PROBLEM STATEMENT: In the records below, find the line containing "Dachshund Washed Unisex Tee" and the line containing "rag & bone Men's"; please repeat exactly the lines from one to the other, both included, and nothing more.

DATA PROVIDED:
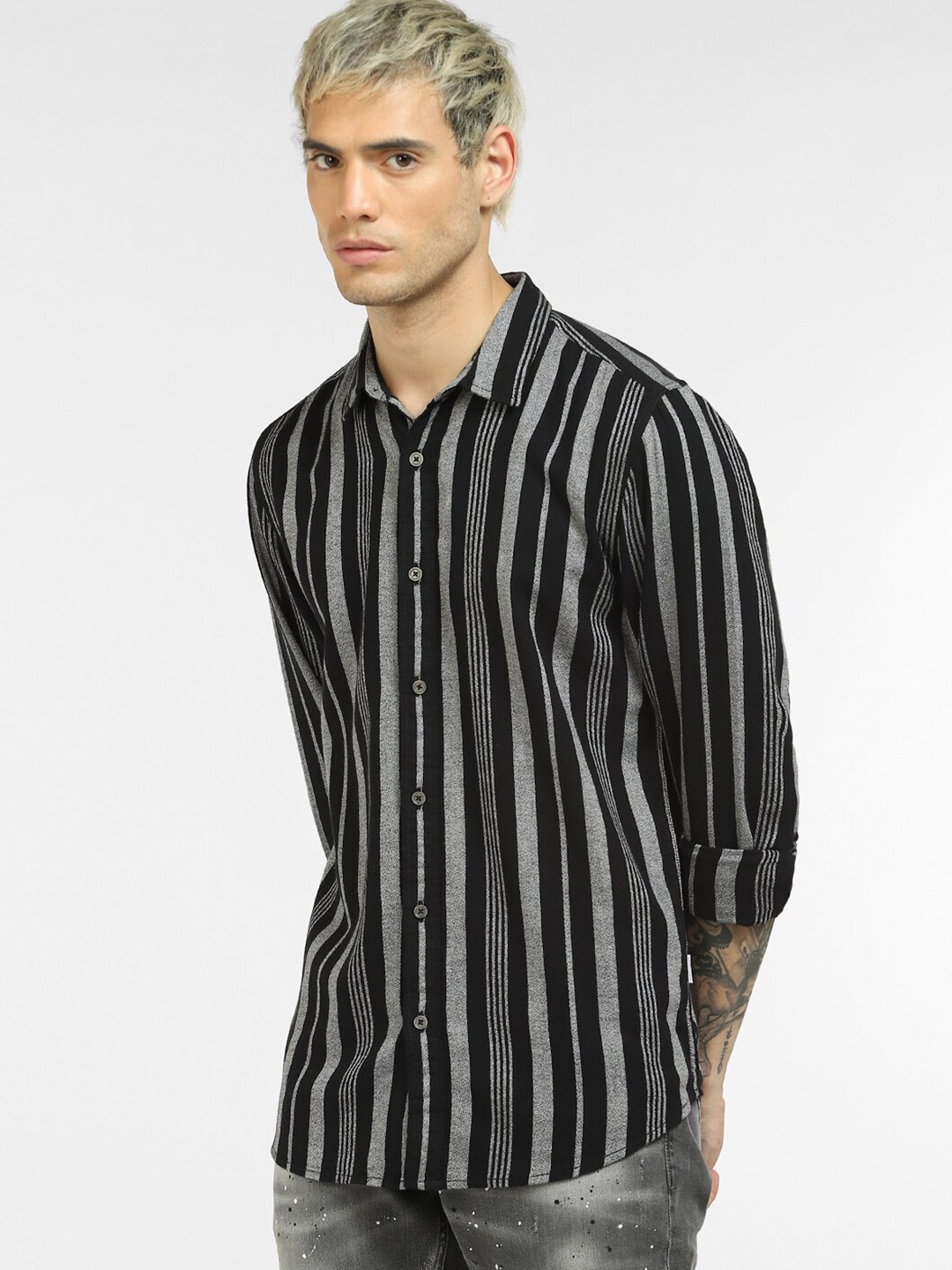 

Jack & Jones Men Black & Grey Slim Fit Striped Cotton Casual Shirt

==

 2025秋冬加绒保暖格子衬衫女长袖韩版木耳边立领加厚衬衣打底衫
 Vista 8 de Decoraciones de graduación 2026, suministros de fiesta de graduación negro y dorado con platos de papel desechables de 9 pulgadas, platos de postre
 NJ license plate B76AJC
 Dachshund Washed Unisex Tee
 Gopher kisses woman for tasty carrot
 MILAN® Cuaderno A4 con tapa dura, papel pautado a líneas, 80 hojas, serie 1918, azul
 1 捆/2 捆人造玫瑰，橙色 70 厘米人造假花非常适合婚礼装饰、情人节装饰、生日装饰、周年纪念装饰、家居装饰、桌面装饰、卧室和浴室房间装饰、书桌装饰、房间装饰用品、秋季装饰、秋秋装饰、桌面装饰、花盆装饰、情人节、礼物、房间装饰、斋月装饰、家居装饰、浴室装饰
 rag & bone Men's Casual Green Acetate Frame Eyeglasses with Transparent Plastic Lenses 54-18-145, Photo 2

--

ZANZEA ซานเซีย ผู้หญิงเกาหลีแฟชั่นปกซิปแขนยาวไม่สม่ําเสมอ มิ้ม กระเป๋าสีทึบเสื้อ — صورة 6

RESULT FOR THIS TASK:
 Dachshund Washed Unisex Tee
 Gopher kisses woman for tasty carrot
 MILAN® Cuaderno A4 con tapa dura, papel pautado a líneas, 80 hojas, serie 1918, azul
 1 捆/2 捆人造玫瑰，橙色 70 厘米人造假花非常适合婚礼装饰、情人节装饰、生日装饰、周年纪念装饰、家居装饰、桌面装饰、卧室和浴室房间装饰、书桌装饰、房间装饰用品、秋季装饰、秋秋装饰、桌面装饰、花盆装饰、情人节、礼物、房间装饰、斋月装饰、家居装饰、浴室装饰
 rag & bone Men's Casual Green Acetate Frame Eyeglasses with Transparent Plastic Lenses 54-18-145, Photo 2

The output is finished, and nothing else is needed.